Segment Open

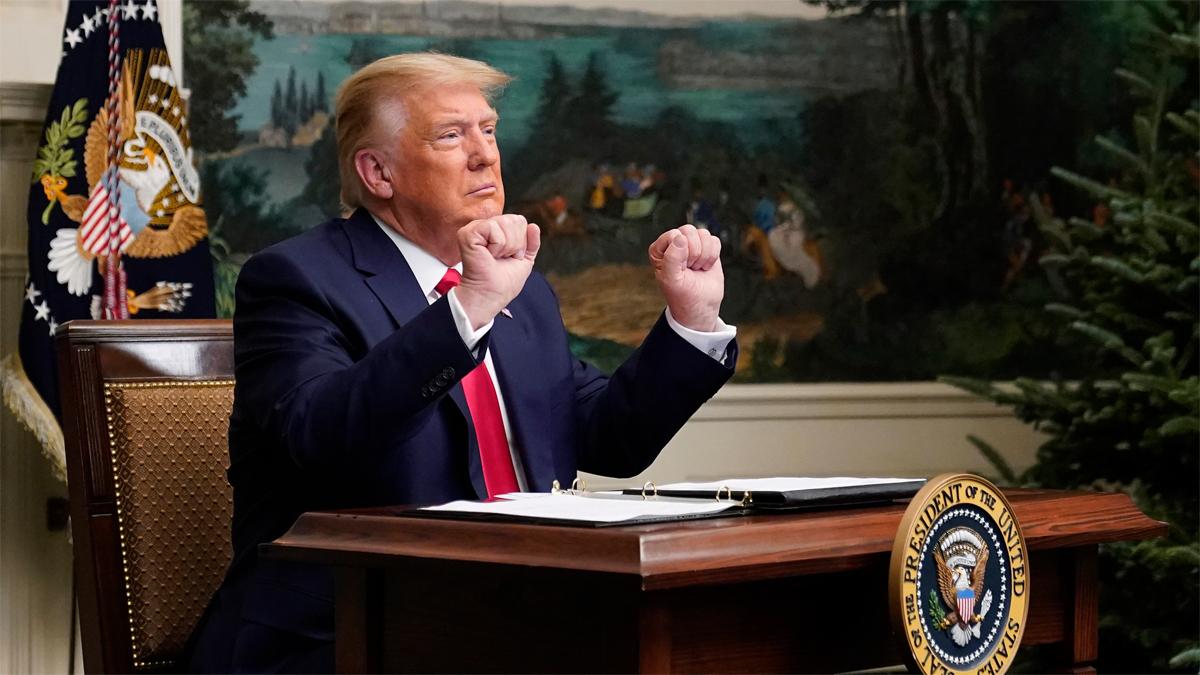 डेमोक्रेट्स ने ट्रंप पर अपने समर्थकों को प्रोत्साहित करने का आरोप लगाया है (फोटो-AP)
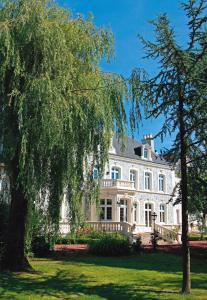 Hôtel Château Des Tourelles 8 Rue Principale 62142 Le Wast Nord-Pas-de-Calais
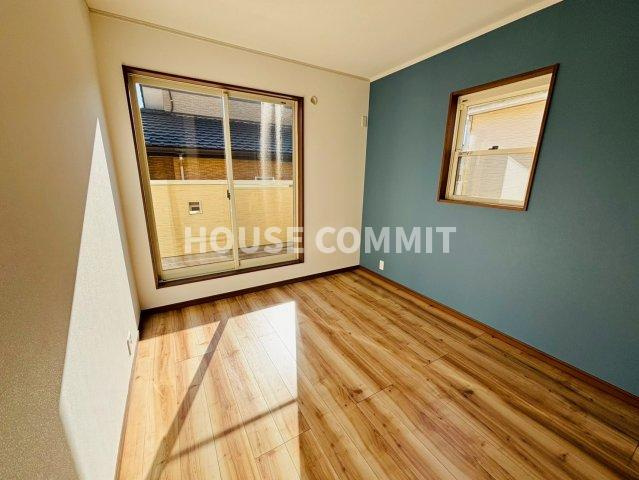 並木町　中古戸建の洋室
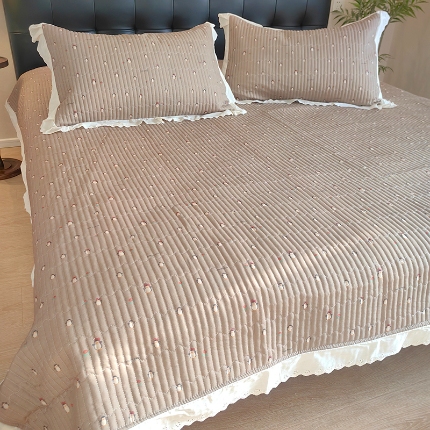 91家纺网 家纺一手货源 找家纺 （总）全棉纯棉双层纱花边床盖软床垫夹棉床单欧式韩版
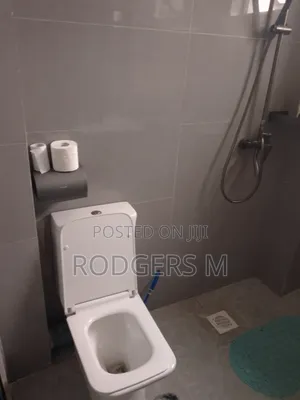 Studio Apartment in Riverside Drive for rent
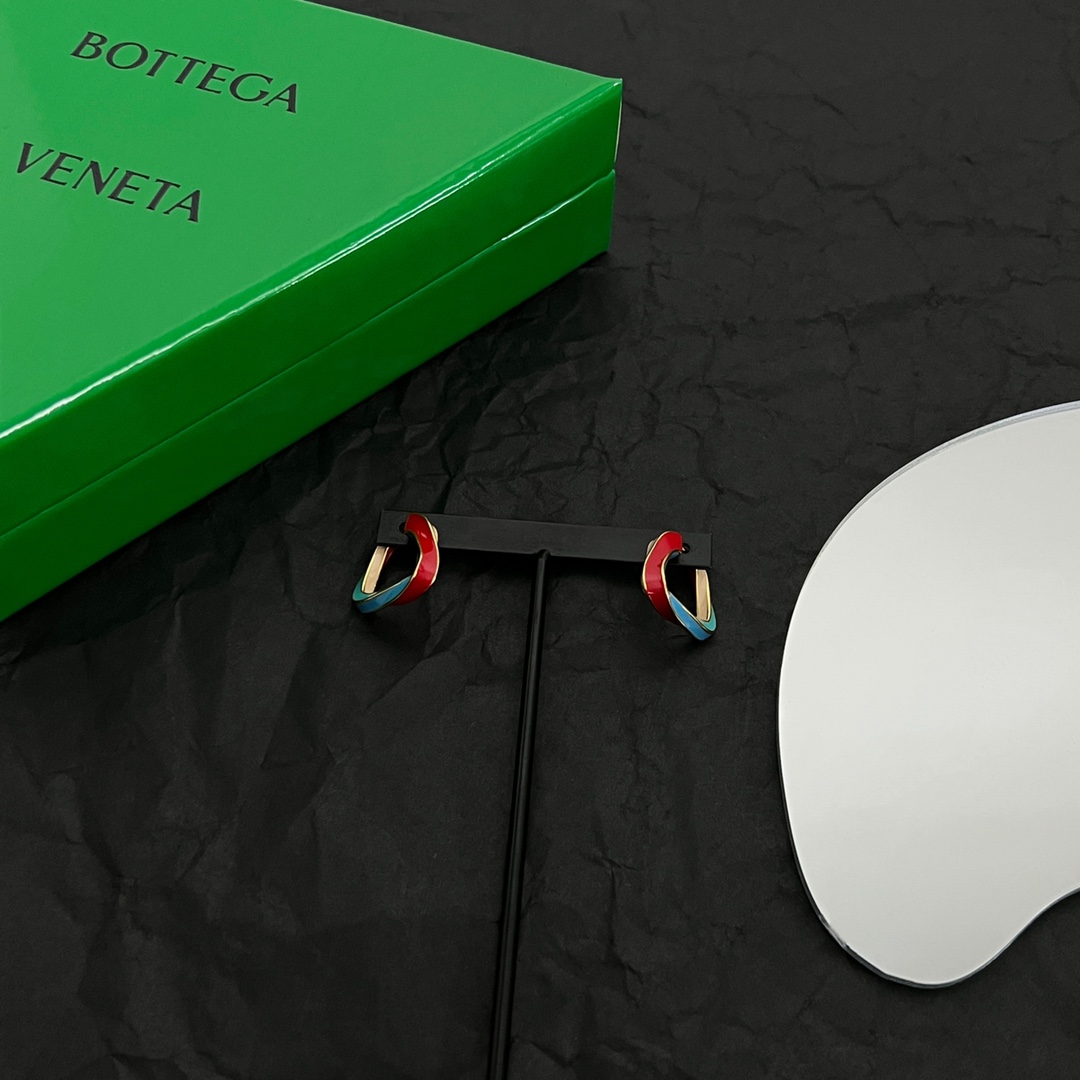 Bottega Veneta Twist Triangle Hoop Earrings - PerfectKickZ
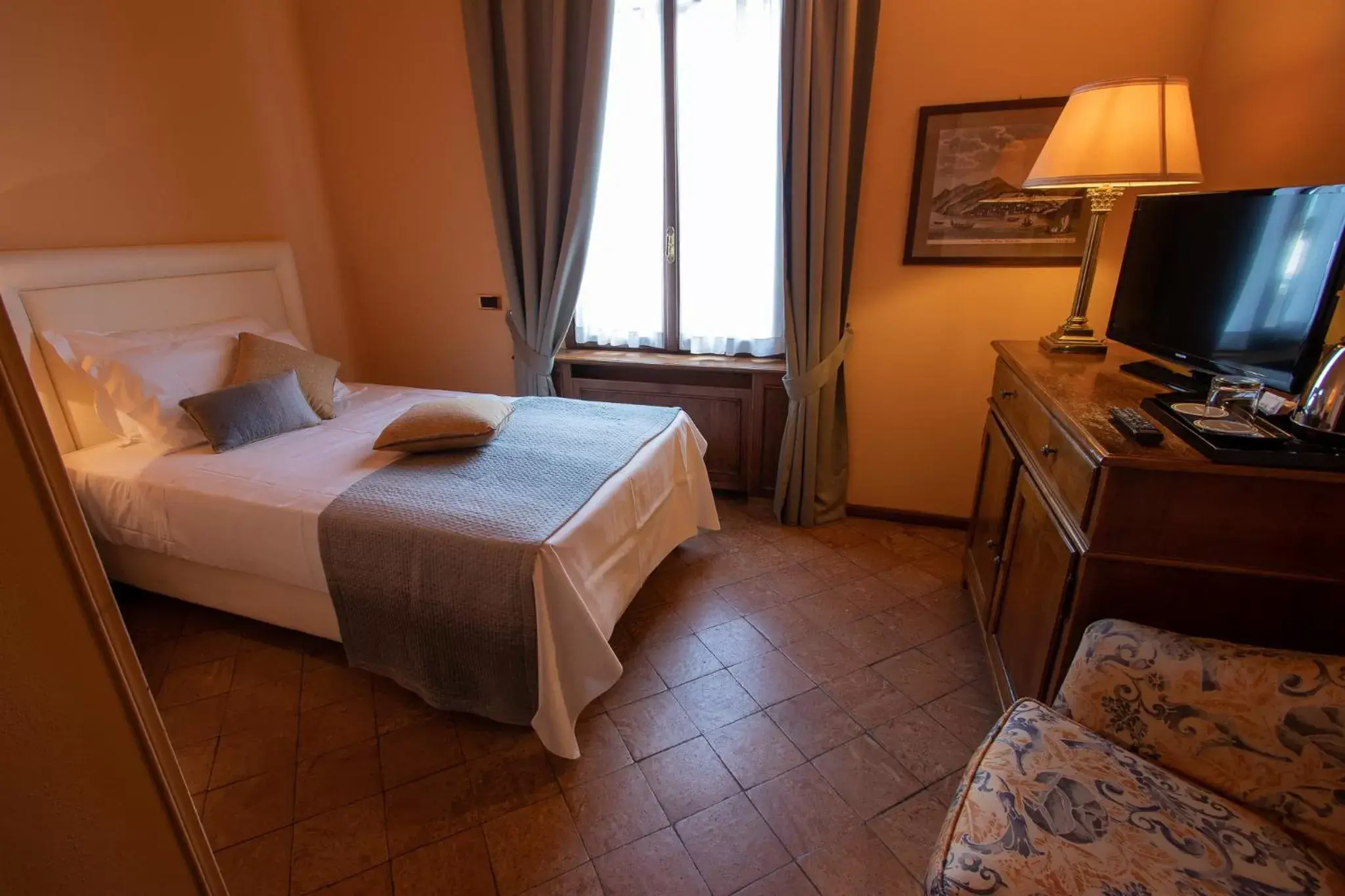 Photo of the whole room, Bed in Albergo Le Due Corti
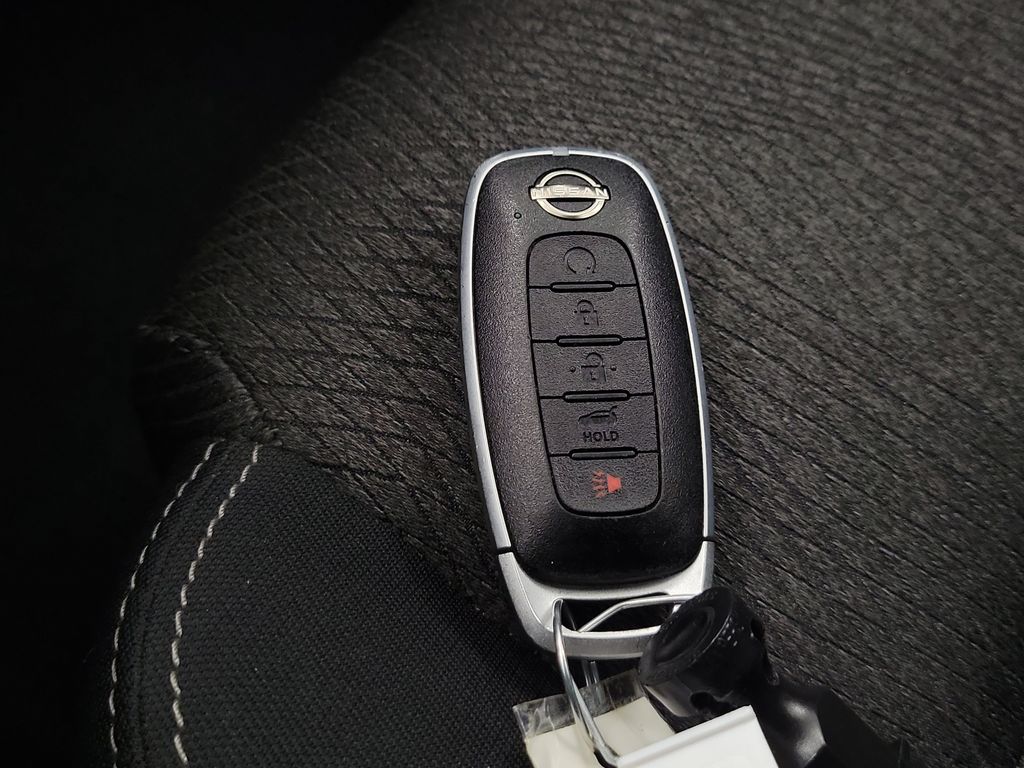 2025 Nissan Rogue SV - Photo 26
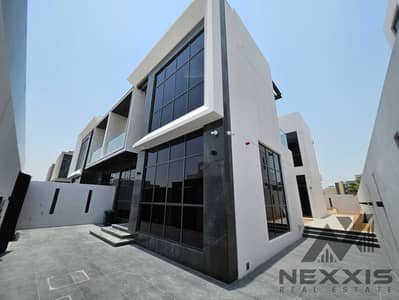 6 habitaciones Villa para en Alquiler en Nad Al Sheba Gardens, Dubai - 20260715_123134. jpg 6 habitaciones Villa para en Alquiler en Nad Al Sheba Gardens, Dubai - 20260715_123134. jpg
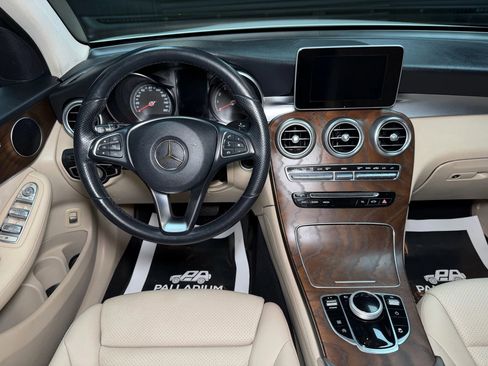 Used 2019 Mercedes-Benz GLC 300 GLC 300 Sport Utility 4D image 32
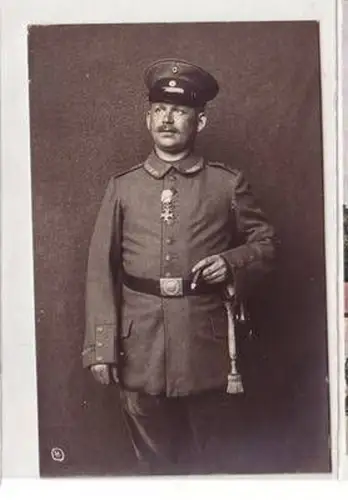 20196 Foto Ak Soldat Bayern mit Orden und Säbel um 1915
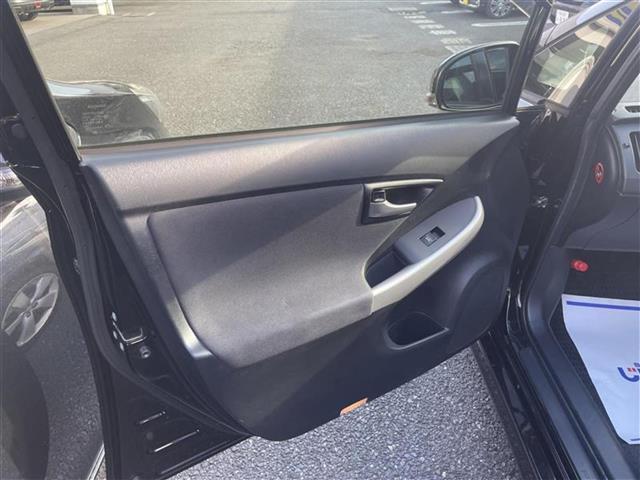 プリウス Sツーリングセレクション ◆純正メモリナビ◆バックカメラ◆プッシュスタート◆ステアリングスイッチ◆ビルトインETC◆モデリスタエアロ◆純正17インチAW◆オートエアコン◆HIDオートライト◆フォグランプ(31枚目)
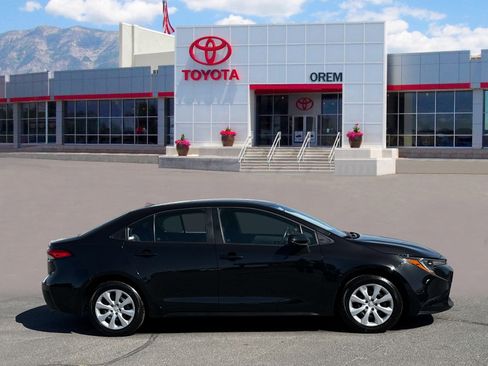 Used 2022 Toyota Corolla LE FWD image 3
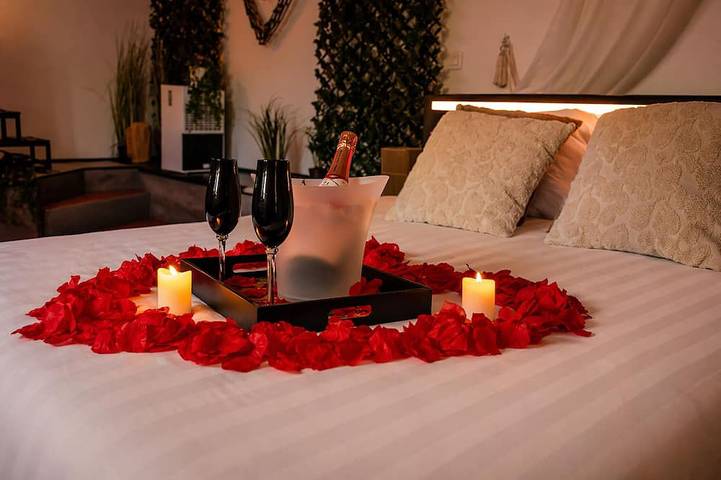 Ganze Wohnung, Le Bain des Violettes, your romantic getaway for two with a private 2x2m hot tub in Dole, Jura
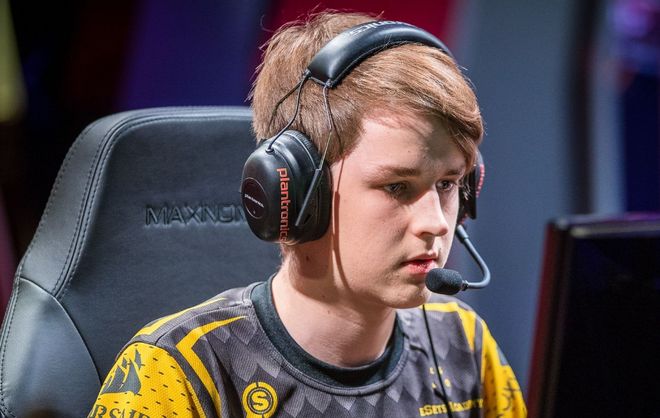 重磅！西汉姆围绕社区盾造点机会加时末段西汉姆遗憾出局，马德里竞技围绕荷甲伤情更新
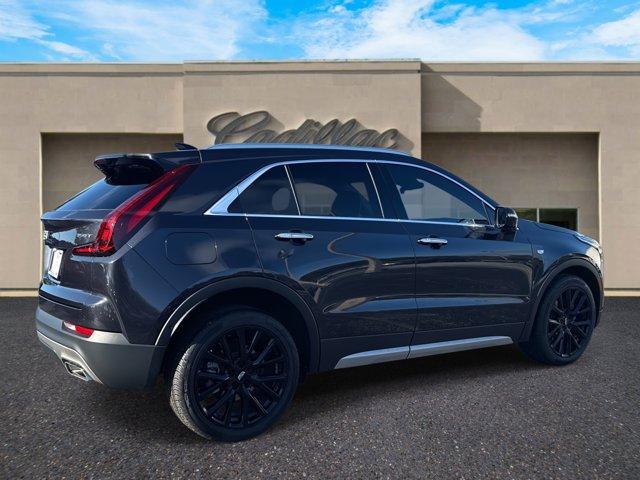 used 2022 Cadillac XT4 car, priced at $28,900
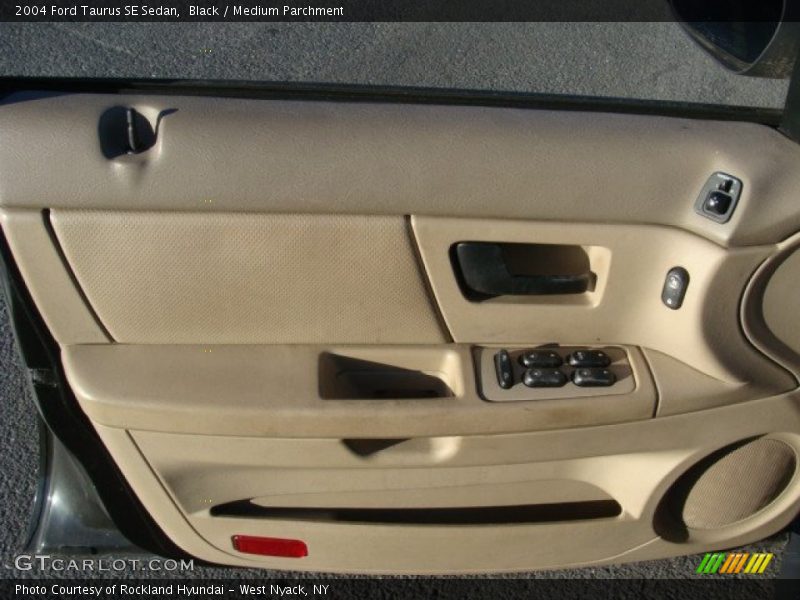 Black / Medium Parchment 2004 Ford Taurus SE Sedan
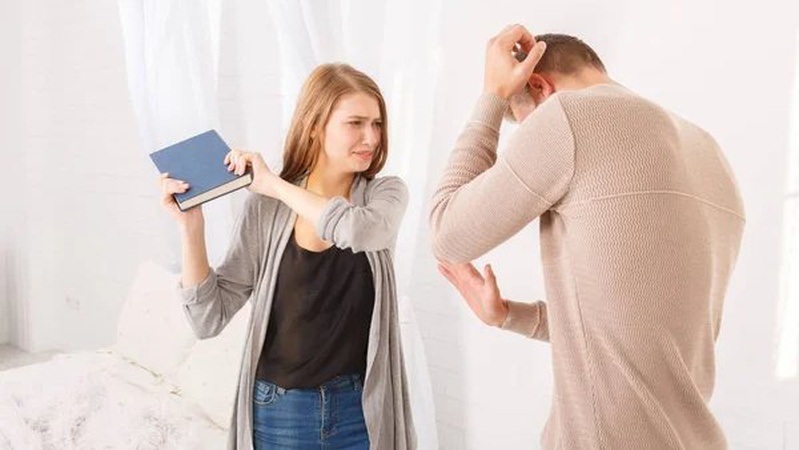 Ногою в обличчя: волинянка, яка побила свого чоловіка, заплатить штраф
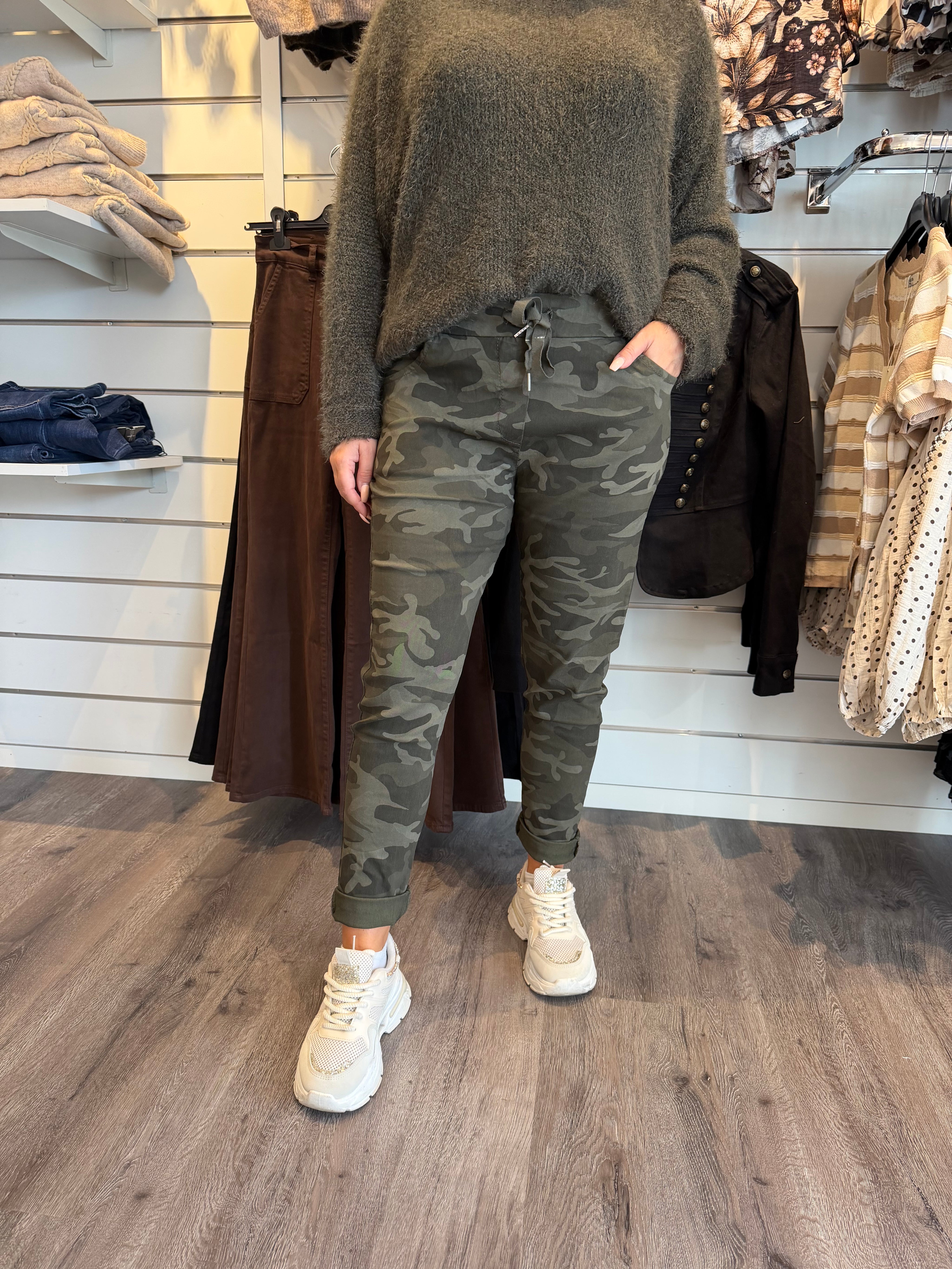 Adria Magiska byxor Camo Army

Segment Closed

Work instructions
Please restate word for word the lines above, starting with the line that holds "Black / Medium" and ending with the final line of the records, while leaving out pictures.

Solution to this problem
 Black / Medium Parchment 2004 Ford Taurus SE Sedan
 Ногою в обличчя: волинянка, яка побила свого чоловіка, заплатить штраф
 Adria Magiska byxor Camo Army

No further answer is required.